The Dow swung more than 1,000 points, about 4 percent on Friday, capping one of the worst weeks on Wall Street since the global financial crisis. Investors, who in January set a monthly record for sinking money into equity funds, pulled their money out at a record pace in the week ending Feb. 7, according to EPFR, a Cambridge, Massachusetts, data firm that has tracked such information since 2000.
The rise in stock prices Monday is giving some investors hope that the worst may be over. After repeatedly breaking records, investors had pushed stock prices too high and it was time for a correction, said Jack Ablin, chief investment officer at Cresset Wealth. “The market was probably 10 to 15 percent overvalued and we got a 10 percent correction,” said Ablin, who added that he moved one client into the stock market on Friday.

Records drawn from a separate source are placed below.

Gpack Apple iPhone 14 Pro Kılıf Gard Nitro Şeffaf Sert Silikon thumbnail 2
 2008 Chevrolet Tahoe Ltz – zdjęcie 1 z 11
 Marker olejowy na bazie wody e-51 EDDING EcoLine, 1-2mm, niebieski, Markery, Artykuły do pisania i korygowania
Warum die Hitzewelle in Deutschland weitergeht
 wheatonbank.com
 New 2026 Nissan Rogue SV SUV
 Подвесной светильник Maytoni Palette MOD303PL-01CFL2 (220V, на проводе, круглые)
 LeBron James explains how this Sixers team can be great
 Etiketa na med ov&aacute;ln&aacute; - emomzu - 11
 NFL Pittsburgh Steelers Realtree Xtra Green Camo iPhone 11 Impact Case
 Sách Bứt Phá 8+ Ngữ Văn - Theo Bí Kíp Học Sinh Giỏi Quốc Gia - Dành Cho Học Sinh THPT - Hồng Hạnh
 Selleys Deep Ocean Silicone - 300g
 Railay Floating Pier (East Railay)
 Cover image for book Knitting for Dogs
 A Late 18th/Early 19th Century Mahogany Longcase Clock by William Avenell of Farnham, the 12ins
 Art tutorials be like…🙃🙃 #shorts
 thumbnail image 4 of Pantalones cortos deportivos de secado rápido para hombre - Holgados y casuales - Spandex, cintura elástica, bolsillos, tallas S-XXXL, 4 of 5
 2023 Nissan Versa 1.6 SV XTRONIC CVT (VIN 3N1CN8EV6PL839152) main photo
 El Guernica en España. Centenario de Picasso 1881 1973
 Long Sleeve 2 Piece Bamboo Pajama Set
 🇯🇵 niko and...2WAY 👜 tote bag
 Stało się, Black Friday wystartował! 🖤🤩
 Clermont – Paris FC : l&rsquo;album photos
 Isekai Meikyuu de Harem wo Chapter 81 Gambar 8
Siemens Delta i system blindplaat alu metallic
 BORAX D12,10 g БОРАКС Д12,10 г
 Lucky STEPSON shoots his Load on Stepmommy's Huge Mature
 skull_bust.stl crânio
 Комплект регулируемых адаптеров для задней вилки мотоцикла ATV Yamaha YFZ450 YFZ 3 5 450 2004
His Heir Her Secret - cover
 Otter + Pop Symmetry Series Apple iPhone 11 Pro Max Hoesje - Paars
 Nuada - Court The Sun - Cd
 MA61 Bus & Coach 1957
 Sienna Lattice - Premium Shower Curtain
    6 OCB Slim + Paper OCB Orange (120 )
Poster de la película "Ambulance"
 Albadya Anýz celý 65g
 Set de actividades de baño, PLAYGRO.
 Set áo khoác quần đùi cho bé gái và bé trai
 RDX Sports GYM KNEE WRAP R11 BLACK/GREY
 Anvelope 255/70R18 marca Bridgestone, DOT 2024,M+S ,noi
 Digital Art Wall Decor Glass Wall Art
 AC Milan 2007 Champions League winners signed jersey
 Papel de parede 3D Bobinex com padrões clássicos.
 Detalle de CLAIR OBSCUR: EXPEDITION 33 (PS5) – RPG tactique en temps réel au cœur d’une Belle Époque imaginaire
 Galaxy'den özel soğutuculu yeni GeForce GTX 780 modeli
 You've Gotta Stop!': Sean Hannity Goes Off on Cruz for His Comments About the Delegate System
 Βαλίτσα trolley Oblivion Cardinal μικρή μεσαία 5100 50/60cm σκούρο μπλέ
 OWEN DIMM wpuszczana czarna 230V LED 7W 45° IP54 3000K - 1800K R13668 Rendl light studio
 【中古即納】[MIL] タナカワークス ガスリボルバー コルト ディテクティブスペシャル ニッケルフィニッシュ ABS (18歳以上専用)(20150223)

The mood of traders this week could hinge on the expected release of President Donald Trump’s new budget plan on Monday. The plan is expected to call for a range of spending cuts that reduce the growth of the deficit but it will not attempt to balance the federal budget, according to The Washington Post. Trump is also expected to unveil a plan to spend $1.5 trillion on the country’s ailing infrastructure over the next decade. On Wednesday, traders are also expected to react to new data on inflation.
Overseas, markets were also generally rising as well. Japan’s Nikkei was closed Monday, but other indexes in Asia were holding their own. South Korea’s Kospi gained 0.9 percent. Europe’s exchanges were up more than 1 percent, across the board. Germany’s benchmark DAX index rose 1.5 percent on Monday.